DMA memory

Thu Mar 31 05:26:53 EST 2005

On Wed, Mar 30, 2005 at 12:25:50PM -0500, Nathan Glasser was heard to remark:
> >I presume the truncated RTAS blob is due to some RH 3.0 bug; is there a
> >chance you can try with a newer RH 3, or RH4 or kernel.org, so as to get
> >the detailed report?
> 
> The RH3.0 is a patch version already (2.4.21-20.EL). But no, there's no chance
> of trying anything else.

:( 

> >The RTAS message is supposed to be a good bit longer; among other things
> >it will sometimes contain a raw dump of the pci controller state.  If I 
> >had that, I *might* be able to decode the details of what the pci
> >controller didn't like (including the faulting address, if that's what
> >it is.).  
> 
> I had installed and enabled (apparently temporarily) some error logging thing
> I had been pointed last week, it seemed to have caused some extra info to
> appear in /var/log/platform:

Hmm, even that is very short. On decode, it says:

   Residual error from previous boot
   Date/Time: 20050325 16023600

which is darned uninformative.

There's some other bug that is causing the full error not be logged.
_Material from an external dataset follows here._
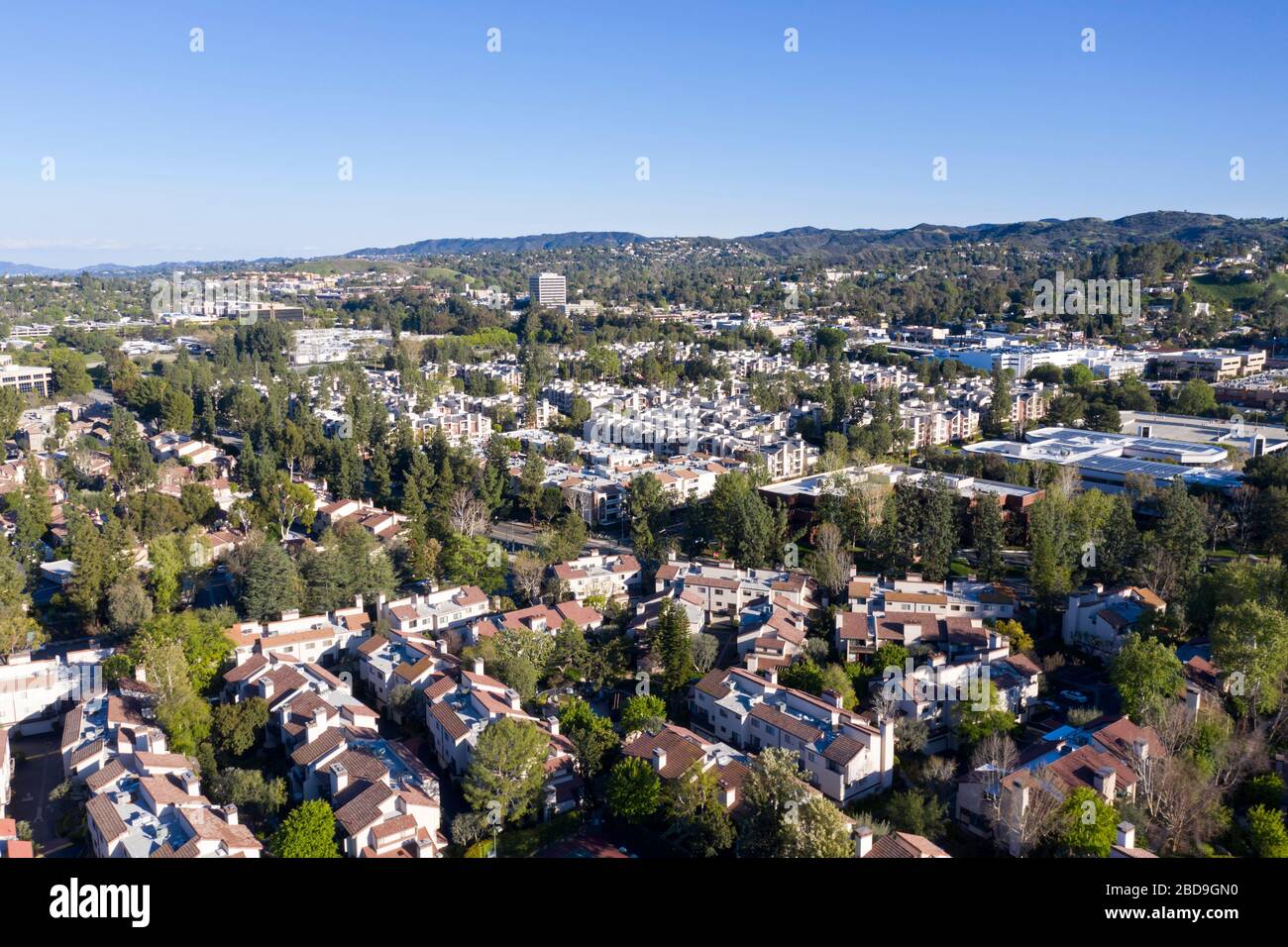 Vue aérienne sur Woodland Hills dans la vallée de San Fernando près de Topanga Blvd, Californie Banque D'Images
> I had run some more tests this week which also caused crashes, but this
> is the entire file.

You can avoid crashes by editing "arch/ppc64/kernel/eeh.c" and
commenting out the call to eeh_panic().   That might help you with your
debug efforts.

The philosphy of panic'ing-on-error comes from the theory that its
better to panic, than it is to corrupt data.  Think "banking", a
traditional IBM customer segment, to understand the origin of this 
theory.

FWIW, new kernels include code that attempts to pci-reset the device
after fielding one of these pci errors.  A generic all-architecture 
implementation for this is being discussed on LKML now, as the new
PCI-E chipsets do something similar.  Of course, reseting the hardware
because there's a software bug won't help driver developers very much
... 

Even with the full RTAS message, fully decoded, figuring out what wen
wrong is hard.  If you can't find the bug easily, I am afraid that
you'll be reduced to staring at PCI bus analyzer traces, which is how
many of these bugs are found ... :(

Assuming that you have full access to the device you're coding for, your
best bet is to add debug code to its firmware, and have it tell you 
where it plans to DMA to; compare that to where you thought it would
be going.

--linas